Birkin nasceu em 14 de dezembro de 1946, em Londres. Filha da atriz Judy Campbell e do militar da Marinha britânica David Birkin, ela cresceu em Chelsea e na cena cultural da Swinging London. Foi casada com o compositor John Barry entre 1965 e 1968, com quem teve sua primeira filha, a fotógrafa Kate Barry, morta em 2013.
Ela deixa a filha Lou Doillon, nascida em 1982, fruto da relação com o diretor de cinema Jacques Doillon, e que seguiu os passos da mãe, se destacando no cinema e na música.
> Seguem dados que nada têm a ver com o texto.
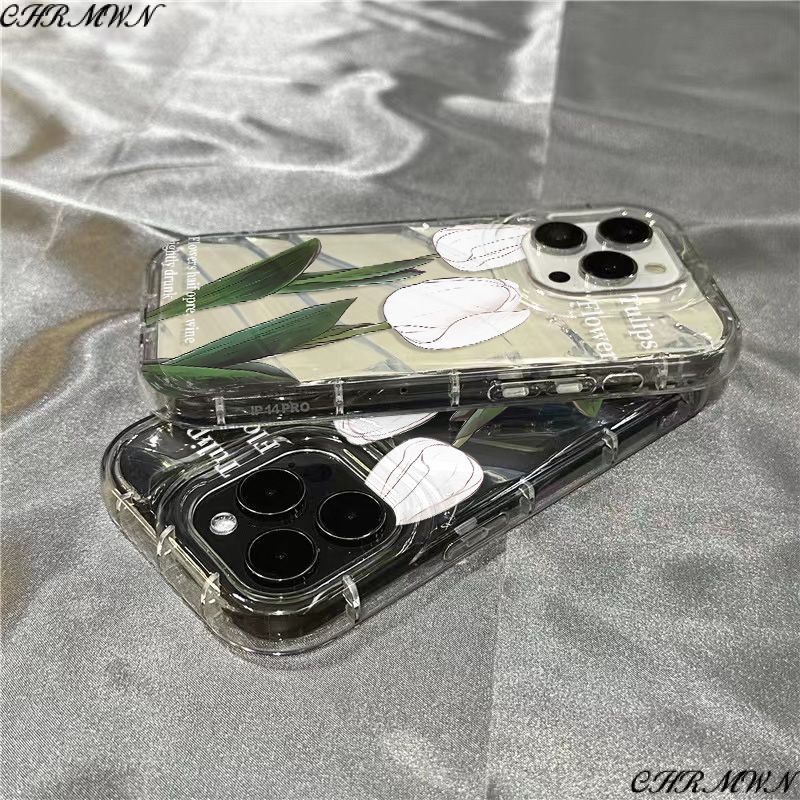 Ốp Điện Thoại Mềm Trong Suốt Họa Tiết Hoa Xinh Xắn Cho Iphone 14Promax 1312 / 11 7 / 8plus xr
No cinema, atuou ao lado de Serge Gainsbourg em diversos filmes menos célebres, como “Nineteen Girls and a Sailor”, do cineasta bósnio Milutin Kosovac, e filmes de gênero como “Sete Mortes nos Olhos de um Gato”, de Antonio Margheriti. Protagonizaria ainda o sensual “Paixão Selvagem”, de 1976, dirigido pelo então marido.
A partir do final dos anos 1970, participaria de produções maiores, como “Morte Sobre o Nilo”, de 1978, “La Fille Prodigue”, ao lado de Michel Piccoli, e “Assassinato num Dia de Sol”, de 1982. A grande cineasta francesa Agnès Varda daria protagonismo à atriz em “Kung-Fu Master!”, no qual a personagem de Birkin se apaixona por um garoto de 14 anos, e “Jane B. por Agnès V.”, um retrato impressionista no qual a estrela revisita a sua carreira.
Com os grandes autores faria ainda “A Bela Intrigante”, de 1991, de Jacques Rivette, novamente contracenando com Piccoli, e se lançaria na direção de filme em 2007 com o drama reflexivo “Caixas”, que também protagoniza, como uma senhora de meia-idade que tenta lidar com suas memórias.
No auge de sua popularidade, Birkin delimitou um estilo próprio de comportamento, se tornando um nome importante da moda. Inspirada em Birkin, a grife Hermès criou um modelo de bolsa com o seu nome, que ainda é disputada no mercado internacional.
Seguindo sua carreira musical, gravou, ao todo, 14 discos de estúdio, entre eles “Di Doo Dah”, de 1973, “Lost Song”, de 1987 e “Fictions”, de 2006. Dois anos antes, entoou “Leãozinho”, de Caetano Veloso, ao lado do artista baiano, no disco “Rendez-vous”.
Apesar da longa trajetória, Birkin se voltava, invariavelmente, ao repertório de Gainsbourg. Assim nasceu “Birkin/Gainsbourg: Le Symphonique”, um disco de 2017, com os sucessos que marcaram a vida do casal em um arranjo sinfônico. Dona de uma voz pequena e uma maneira sensual de cantar, Birkin se inscreveu na constelação de mulheres que, na canção francesa, falaram baixo e fizeram arte. O procedimento se aplica a Françoise Hardy até Carla Bruni.